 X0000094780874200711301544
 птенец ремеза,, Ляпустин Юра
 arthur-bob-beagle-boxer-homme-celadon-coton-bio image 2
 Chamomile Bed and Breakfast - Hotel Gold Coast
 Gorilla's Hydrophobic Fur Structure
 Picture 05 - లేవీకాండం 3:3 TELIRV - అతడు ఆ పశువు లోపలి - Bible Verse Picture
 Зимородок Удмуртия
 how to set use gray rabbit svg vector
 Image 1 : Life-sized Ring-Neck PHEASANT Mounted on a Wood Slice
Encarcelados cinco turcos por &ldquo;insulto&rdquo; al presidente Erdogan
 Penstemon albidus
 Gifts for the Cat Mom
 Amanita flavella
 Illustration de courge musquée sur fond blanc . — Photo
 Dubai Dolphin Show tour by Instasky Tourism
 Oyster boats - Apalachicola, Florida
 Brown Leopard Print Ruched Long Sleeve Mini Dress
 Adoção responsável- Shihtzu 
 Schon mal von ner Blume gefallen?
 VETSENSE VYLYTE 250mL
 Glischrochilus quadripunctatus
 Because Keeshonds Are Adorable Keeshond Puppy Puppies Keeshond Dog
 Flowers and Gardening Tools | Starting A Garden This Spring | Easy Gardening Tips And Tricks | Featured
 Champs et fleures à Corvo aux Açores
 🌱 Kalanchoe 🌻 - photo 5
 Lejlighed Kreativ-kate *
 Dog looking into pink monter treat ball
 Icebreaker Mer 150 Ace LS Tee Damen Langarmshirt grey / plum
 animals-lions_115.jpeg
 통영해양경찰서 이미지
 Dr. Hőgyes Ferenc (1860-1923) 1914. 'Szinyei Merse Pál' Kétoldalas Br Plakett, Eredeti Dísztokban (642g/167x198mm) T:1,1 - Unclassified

→ Work request: Your reply should be the lines from the one that contains "Lejlighed Kreativ-kate *" through the end of the listing above, repeated exactly.

→ Answer for the task:
 Lejlighed Kreativ-kate *
 Dog looking into pink monter treat ball
 Icebreaker Mer 150 Ace LS Tee Damen Langarmshirt grey / plum
 animals-lions_115.jpeg
 통영해양경찰서 이미지
 Dr. Hőgyes Ferenc (1860-1923) 1914. 'Szinyei Merse Pál' Kétoldalas Br Plakett, Eredeti Dísztokban (642g/167x198mm) T:1,1 - Unclassified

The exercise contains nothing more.